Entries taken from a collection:
┄┄┄┄┄┄┄┄┄┄
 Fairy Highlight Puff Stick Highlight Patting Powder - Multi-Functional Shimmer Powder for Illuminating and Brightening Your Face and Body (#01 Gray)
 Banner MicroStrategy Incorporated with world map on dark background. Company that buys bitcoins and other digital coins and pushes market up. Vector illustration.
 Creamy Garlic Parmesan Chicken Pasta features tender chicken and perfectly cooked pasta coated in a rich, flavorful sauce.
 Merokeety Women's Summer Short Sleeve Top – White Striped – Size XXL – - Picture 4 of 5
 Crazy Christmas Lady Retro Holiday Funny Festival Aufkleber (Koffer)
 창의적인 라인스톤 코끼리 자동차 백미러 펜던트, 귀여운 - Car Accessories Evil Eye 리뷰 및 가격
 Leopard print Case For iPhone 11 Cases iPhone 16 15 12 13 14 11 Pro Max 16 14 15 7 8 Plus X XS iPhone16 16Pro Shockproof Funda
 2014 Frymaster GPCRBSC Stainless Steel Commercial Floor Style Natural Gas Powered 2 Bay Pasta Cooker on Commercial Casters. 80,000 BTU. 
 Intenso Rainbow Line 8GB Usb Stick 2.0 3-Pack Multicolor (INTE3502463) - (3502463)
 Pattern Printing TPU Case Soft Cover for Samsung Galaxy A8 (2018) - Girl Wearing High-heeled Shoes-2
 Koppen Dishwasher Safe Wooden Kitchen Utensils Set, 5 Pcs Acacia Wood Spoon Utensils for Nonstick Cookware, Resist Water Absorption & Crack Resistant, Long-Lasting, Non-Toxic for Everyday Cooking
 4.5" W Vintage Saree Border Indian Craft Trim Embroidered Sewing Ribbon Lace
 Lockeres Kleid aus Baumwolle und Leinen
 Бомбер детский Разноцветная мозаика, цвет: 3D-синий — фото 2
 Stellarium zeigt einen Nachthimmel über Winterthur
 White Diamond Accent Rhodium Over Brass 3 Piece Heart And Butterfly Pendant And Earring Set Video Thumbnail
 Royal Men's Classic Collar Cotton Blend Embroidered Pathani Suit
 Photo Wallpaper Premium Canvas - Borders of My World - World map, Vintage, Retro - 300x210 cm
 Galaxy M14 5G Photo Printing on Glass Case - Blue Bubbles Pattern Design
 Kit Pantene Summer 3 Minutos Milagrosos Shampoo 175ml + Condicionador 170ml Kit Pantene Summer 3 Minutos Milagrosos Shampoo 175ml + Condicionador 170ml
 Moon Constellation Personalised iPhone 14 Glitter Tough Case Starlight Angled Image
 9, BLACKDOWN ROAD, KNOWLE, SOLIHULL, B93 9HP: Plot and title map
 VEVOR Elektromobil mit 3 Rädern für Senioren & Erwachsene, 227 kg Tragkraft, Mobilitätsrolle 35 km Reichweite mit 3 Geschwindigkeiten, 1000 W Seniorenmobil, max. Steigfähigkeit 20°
┄┄┄┄┄┄┄┄┄┄
» TASK TO COMPLETE
Above are the records; from them, give again exactly the lines from the one containing "Creamy Garlic Parmesan" to the one containing "Intenso Rainbow Line", both lines included, and nothing more.

» ANSWER SPACE
 Creamy Garlic Parmesan Chicken Pasta features tender chicken and perfectly cooked pasta coated in a rich, flavorful sauce.
 Merokeety Women's Summer Short Sleeve Top – White Striped – Size XXL – - Picture 4 of 5
 Crazy Christmas Lady Retro Holiday Funny Festival Aufkleber (Koffer)
 창의적인 라인스톤 코끼리 자동차 백미러 펜던트, 귀여운 - Car Accessories Evil Eye 리뷰 및 가격
 Leopard print Case For iPhone 11 Cases iPhone 16 15 12 13 14 11 Pro Max 16 14 15 7 8 Plus X XS iPhone16 16Pro Shockproof Funda
 2014 Frymaster GPCRBSC Stainless Steel Commercial Floor Style Natural Gas Powered 2 Bay Pasta Cooker on Commercial Casters. 80,000 BTU. 
 Intenso Rainbow Line 8GB Usb Stick 2.0 3-Pack Multicolor (INTE3502463) - (3502463)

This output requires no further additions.